So it now hits the optimal solution at the 30th step instead of the 1,100th step (although it really seems to reach it at step 20, I think the difference is a rounding problem).

figure, axe = pyplot.subplots(figsize=FIGURE_SIZE)
axe.set_title("Gradient Descent Mean Squared Error")
axe.set_xlabel("Training Repetition")
axe.set_ylabel("MSE")
lines = axe.plot(range(len(errors)), errors)

gradient_descent_error.png

figure, axe = pyplot.subplots(figsize=FIGURE_SIZE)
axe.set_title("Gradient Descent Mean Squared Error vs Weights")
axe.set_xlabel("Weight")
axe.set_ylabel("MSE")
lines = axe.plot(weights, errors, "o")

gradient_descent_weights_vs_error.png

The plots show what we already saw in the output, that Gradient Descent converges on a solution much faster than Hot and Cold Learning does.

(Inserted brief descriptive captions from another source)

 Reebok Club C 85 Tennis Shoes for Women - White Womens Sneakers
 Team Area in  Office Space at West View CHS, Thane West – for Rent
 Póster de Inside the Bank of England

Why multiply the error by the input?

This has three main effects called stopping, negative reversal, and scaling.

What is Stopping?

Stopping refers to the case where the input is 0. If that's the case then we don't want to adjust the weight so multiplying the error by the input nullifies it.

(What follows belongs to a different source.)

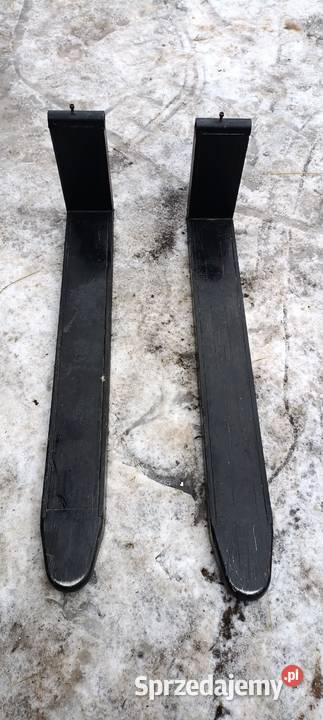 Widły wozek paletowy sztaplarka wózek widłowy mazowieckie Halinów sprzedam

What is Negative Reversal?

The sign of the input changes which direction we want the weight to change, so multiplying it by the input keeps the change moving in the right direction even when the sign of the input changes.

What is Scaling?

The larger the input, the greater the amount of change it will add. This can be a bad thing, since the inputs can now have an outsized (negative) effect.

A Discursion On Derivatives

What we're doing when we train our model to minimize our error. In the Mean Squared Error equation:

\[ MSE = \frac{1}{n} \sum_{i=1}^n ((input \times weight) - actual)^2 \]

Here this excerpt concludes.